La question de la religion est toujours présente, et en même temps complètement secondaire, Dieu vu comme infligeant des punitions, à qui on doit se soumettre, et en même temps ça n'empêche pas que tout font n'importe quoi, et en contradiction complète avec les lois divines. Advienne que pourra. Consciemment ou pas, d'ailleurs.
Bref, l'auteure nous dépeint une sacrée bande de cons, pas un pour rattraper l'autre (ou presque, il y a l'un ou l'autre personnage lunaire, qui détonne et qui font un peu de bien, mais très minoritaire), l'auteure nous dépeint un milieu pourri, qui ne donne pas envie, qui donne envie de fuir, loin.
Puis l'arrivée du cinéma, la possibilité d'un film et voilà tous qui rêvent, qui adulent, un forme de nouveau Dieu et une déesse actrice naissante. de nouveau, l'humain bête, qui s'incline, moutonnesque, pathétique.
La fin est assez médiocre pour les personnages. On peut rester sur sa faim, car on ne sait rien de comment les personnages autour de l'héroïne vont évoluer, ni même comment ça va continuer pour l'héroïne, plongée dans un tout autre milieu, celui du clinquant, de la lumière, et d'une toute autre forme d'hypocrisie...
Mais l'humain n'en sort pas plus grand.
Je suis assez bousculé parce que je pensais que, dans ces autres "cultures", il y avait certaines valeurs qui transcendaient un peu la misère humaine-réelle. Mais, en fait, non. Et donc comme il y a misère, c'est encore pire. Comme disait, Malek Bouthi (excusez l'orthographe), "il y a plus de gens sympas chez les "riches" que chez les "pauvres"", voulant qu'on cesse de faire l'apologie du bon coeur des gens "pauvres"et partant de la pauvreté qui donnerait des vertus... Il a bien raison...
Où en étais-je ? Ah oui, l'auteure pense-t-elle à une suite, une saga ? Car c'est tout à fait possible.
Maintenant, je ne sais pas si je la suivrais dans cette oeuvre. J'avais des moments de relâchement et de fatigue après la moitié du livre, je n'avais plus spécialement envie de connaître la suite, l'essentiel ressenti pour moi étant déjà clair : l'être humain est moche, partout, un fait universel... On a beau essayer de mettre l'humour, ça n'arrange pas tout, pas assez pour moi.
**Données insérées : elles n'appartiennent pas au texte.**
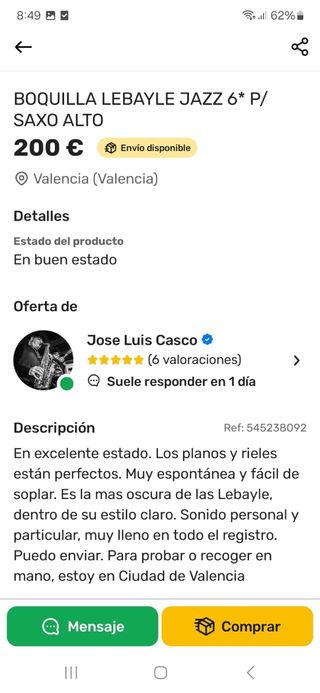Boquilla saxo alto Lebayle Jazz 6*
J'ignore l'objectif de l'auteure, voilà ce à quoi elle a aboutit dans mon chef. Je veux quand même dire que l'écriture n'est pas que vulgaire, les descriptions sont fines et réussies et le récit structuré chronologiquement est prenant, et globalement le livre est réussi aussi.
Mais pas un chef d'oeuvre, pas une oeuvre essentielle.